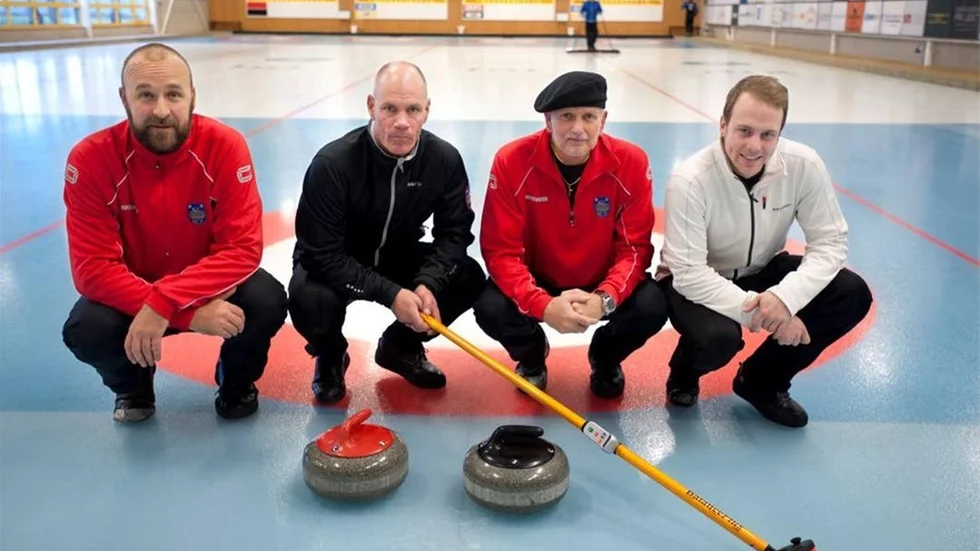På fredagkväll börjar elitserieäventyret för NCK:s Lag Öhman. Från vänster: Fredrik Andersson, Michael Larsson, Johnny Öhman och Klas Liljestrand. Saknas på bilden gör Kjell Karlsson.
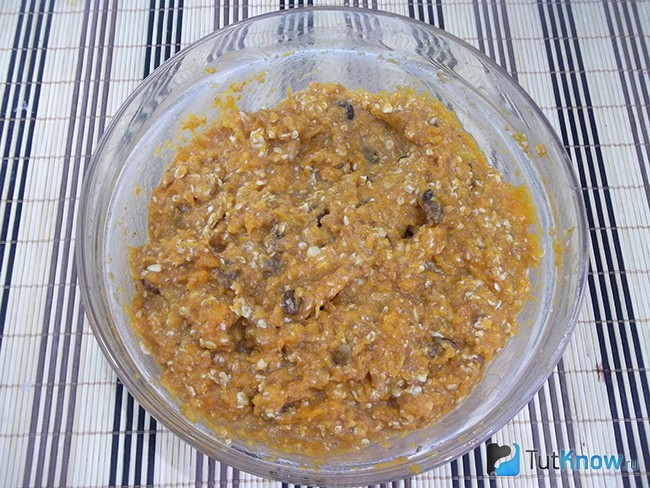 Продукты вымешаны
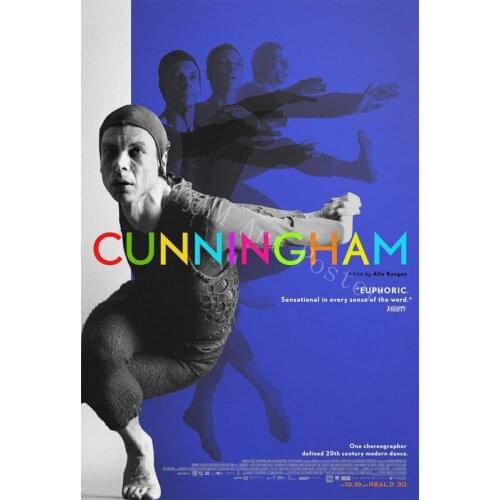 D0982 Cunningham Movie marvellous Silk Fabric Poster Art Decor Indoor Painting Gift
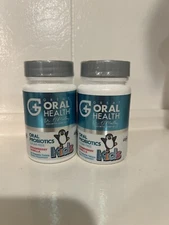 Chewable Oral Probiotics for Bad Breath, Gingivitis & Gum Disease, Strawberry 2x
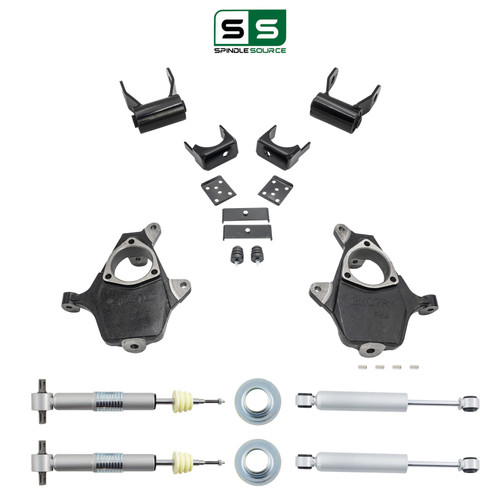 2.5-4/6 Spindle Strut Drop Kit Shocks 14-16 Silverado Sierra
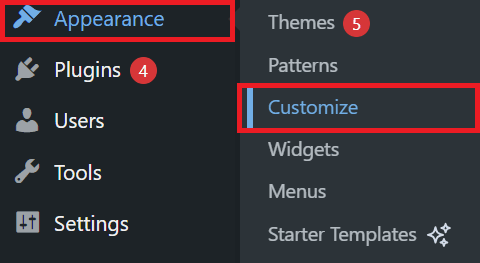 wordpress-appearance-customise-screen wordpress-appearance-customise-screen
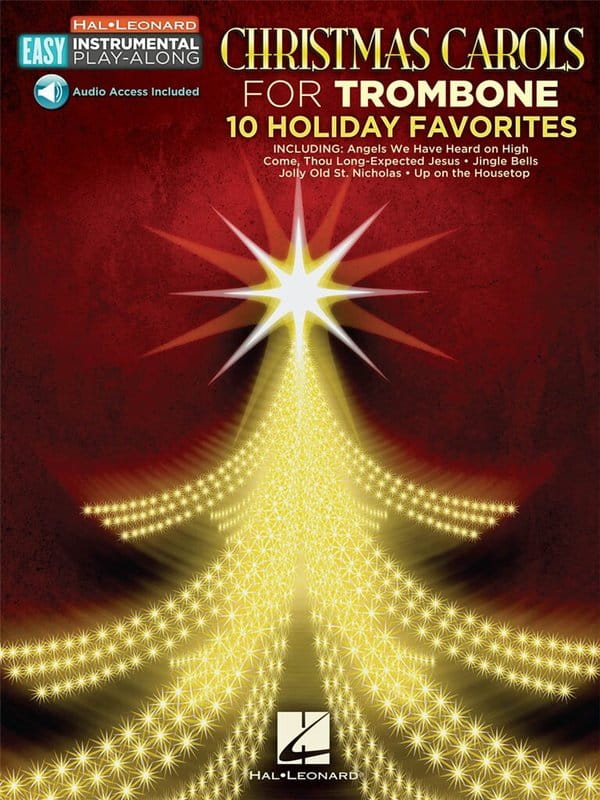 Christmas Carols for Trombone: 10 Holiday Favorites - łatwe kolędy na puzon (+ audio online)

***

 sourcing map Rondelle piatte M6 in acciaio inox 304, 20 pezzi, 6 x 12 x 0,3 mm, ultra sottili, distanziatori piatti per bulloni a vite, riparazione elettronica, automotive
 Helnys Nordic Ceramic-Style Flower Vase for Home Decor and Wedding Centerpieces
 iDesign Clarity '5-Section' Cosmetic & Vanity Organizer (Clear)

***

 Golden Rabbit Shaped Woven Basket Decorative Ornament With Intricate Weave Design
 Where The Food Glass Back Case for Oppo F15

***

#### TASK DESCRIPTION
Using the data above, retype exactly and only the lines from the one containing "D0982 Cunningham Movie" up to and including the one containing "Christmas Carols for", with no pictures carried over.

#### RESULT OF THE TASK
 D0982 Cunningham Movie marvellous Silk Fabric Poster Art Decor Indoor Painting Gift
 Chewable Oral Probiotics for Bad Breath, Gingivitis & Gum Disease, Strawberry 2x
 2.5-4/6 Spindle Strut Drop Kit Shocks 14-16 Silverado Sierra
 wordpress-appearance-customise-screen wordpress-appearance-customise-screen
 Christmas Carols for Trombone: 10 Holiday Favorites - łatwe kolędy na puzon (+ audio online)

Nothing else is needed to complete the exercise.